Shuffles — Double, Half-Time, Rock, Shuffle Groove, Flat Tire Shuffle, Bernard Purdie, Double Bass
People have all these names for the varieties of shuffles— some of them may even be valid— usually people just say “shuffle”, and based on the context and the tune, I have to figure out what’s appropriate and play that. Sometimes a leader will call for a “Texas shuffle” like it means something, and based on the context and the tune, I have to figure out what’s appropriate and play that. It is one of the more loathed styles to play, because they tend to be restricting, and not easy to play well. Listen to Bernard Purdie, Steve Jordan, and Art Blakey.
Linear Funk
This is not a groove or genre, it’s a way of playing the drums. It’s a very essential thing for modern, creative playing, not at all essential for most regular work for hire.
Blast Beats — Single Bass, Double Bass
Forget it, totally unnecessary. You will never asked to play this on a job for hire. Nobody plays with Metal musicians, and Metal musicians don’t play with anybody.
Disco
Just a four-on-the-floor dance beat, with the hihat on the &s.

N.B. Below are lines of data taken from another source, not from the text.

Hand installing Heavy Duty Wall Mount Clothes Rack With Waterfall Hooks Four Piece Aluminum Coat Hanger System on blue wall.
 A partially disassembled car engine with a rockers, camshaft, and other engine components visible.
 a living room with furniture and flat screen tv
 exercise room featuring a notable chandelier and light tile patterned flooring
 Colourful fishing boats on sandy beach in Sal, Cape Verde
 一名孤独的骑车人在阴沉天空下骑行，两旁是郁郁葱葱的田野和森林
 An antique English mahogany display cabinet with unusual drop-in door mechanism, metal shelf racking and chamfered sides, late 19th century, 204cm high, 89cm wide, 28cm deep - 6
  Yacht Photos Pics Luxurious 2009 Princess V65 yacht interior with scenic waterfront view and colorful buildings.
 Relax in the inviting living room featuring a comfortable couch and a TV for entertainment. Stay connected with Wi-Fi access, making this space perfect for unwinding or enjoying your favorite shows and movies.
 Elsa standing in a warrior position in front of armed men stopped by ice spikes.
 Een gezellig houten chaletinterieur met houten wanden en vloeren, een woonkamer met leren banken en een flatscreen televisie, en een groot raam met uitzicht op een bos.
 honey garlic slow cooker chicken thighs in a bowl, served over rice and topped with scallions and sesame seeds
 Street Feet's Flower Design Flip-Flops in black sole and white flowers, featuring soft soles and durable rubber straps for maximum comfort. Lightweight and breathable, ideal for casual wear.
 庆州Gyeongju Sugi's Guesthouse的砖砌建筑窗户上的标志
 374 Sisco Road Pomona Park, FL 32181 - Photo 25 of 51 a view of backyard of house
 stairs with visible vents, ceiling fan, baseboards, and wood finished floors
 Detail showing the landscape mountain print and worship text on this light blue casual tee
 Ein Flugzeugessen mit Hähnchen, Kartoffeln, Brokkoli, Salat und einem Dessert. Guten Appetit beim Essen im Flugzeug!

If you follow that link, on the bridge, after around 2:20 that drummer does the groove in its now-classic form, opening the hihat on the &s and closing on the beat. You may not play a lot of Disco songs, but if you’re doing any kind of dance music, in any genre, you’ll use a form of this beat a lot.
Bolero (a la “White Rabbit”)
A strange entry. Never played this tune on a gig, never played the groove on another tune. A real Cuban or Salsa bolero— a ballad style, and totally different from this— would be worth including on the list. In the 70s there was a different bolero rhythm that was frequently used in rock— the only example of it I can think of offhand is at the very end of Dead Kennedys’ California Uber Alles. I heard it on a Deep Purple record somewhere, too.
Ballroom Bolero/Rhumba
A lighter version of the Rumba above, and not really a distinctively different groove. I never really practiced this one off the job. Just go for this type of thing, with a vibe appropriate to the setting. Everyone seems to have their own way of doing this. I play these often.
Second Line
This gets played a lot by jazz musicians, and it’s usually expected that you will have developed it further than just a strictly functional New Orleans groove. People expect you to make a modern thing out of it. It can be a little bit like playing dress-up if you haven’t done your listening— you have to listen to it, respect it, and try to express its deeper truth, rather than just the frequently encountered watch me be white-guy funky for a moment thing.
Country Train Beat
No reason to ever practice this one, either. It’s a variety of two-beat. Traditionally, you would learn this on the job, when the guitarist says to you “train beat”, and two measures into the song you figure out what it is because it’s basically unavoidable. I usually play it on the snare drum with brushes or (occasionally) sticks; you can also play it on the hihat and catch the backbeats on the snare drum if the band is loud enough.
Conga grooves: Marcha and Guaguanco
Hmmm, not sure we’re ready to jump to hand percussion, because there are a lot of things we haven’t covered on drum set. It is a good idea for drum set players to have a version of Guaguanco together.
Conclusion: What’s missing?
Quite a lot, actually: Baiao, songo, tango, march, 6/8 march, “ordinary” waltz, show 2, several jazz ballad styles (walking, 12/8, straight 8th), calypso. That Sing Sing Sing beat I mentioned before. An Elvin Jones style waltz has become a thing that people request. You may use a Mozambique as a sort of hipper flavor of mambo in Latin jazz settings. I’ve never actually been asked to play a Merengue, but it is a distinct style that will come up if you’re playing Latin music. If you live in an area with a large non-Caribbean, non-Brazilian Latino population, you might want to learn a Cumbia beat. Having a facsimile of a batucada groove together would be a good idea. And there are a number of variations and flavors to the basic jazz time feel as well, which are at least as significant as some of the gradations of pop styles listed in the article.